Today, I am reading and commenting on Luke 4-5.
When Jesus called Levi the tax collector to be one of His followers, Levi threw a lavish party which Jesus and His disciples attended. The Pharisees asked Jesus’ disciples why they would associate with tax collectors and sinners. I want to note that, in the context of the Gospels, tax collectors were those enriched themselves by collaborating with the enemy to the detriment of their countrymen. To which Jesus replied, even though He had not been asked directly, that He had not come to call the righteous, but rather sinners, to repentance. The Pharisees then asked Jesus why His disciples did not fast, contrasting their failure to fast with the fasting by the disciples of the various Pharisee teachers and even John the Baptist’s disciples. Jesus replied with an interesting metaphor. First, He says that no one puts new wine in old wineskins, because the new wine would burst the old wineskins. That would seem fairly straightforward: Jesus’ ministry is a new thing and cannot be contained by the traditions and customs of the old thing which the Pharisees and even John the Baptist represent. There is only one problem with that, Jesus follows up the comment about the wineskins by saying that once someone has drunk old wine they do not want to drink new wine.

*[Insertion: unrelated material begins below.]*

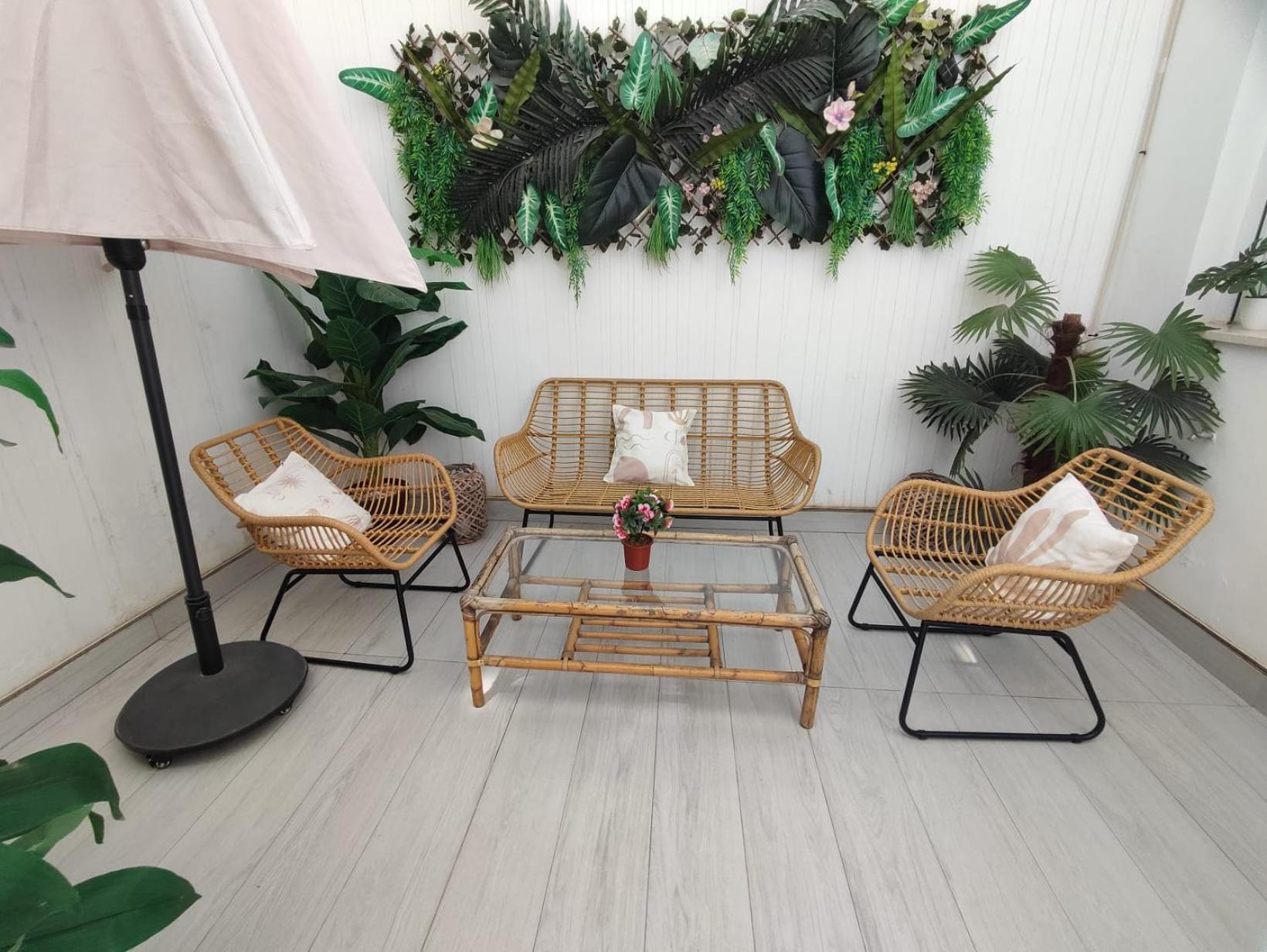 Oasis Con Patio Y Encanto En Centro Sevilla Ngoại thất bức ảnh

So, there is a connection between Jesus’ answer about calling sinners, not the righteous and His answer about wine and wineskins, but I am not quite sure what it is. There is also a connection between His comment about the friends of the bridegroom not fasting while he is with them, but that they will fast later, and His comment about not wanting to drink new wine after tasting old wine. Again, I am not quite sure what that connection is. I think part of what Jesus was saying was that His movement was a new and joyous thing, but it would get better as it aged.
I use the daily Bible reading schedule from “The Bible.net” for my daily Bible reading.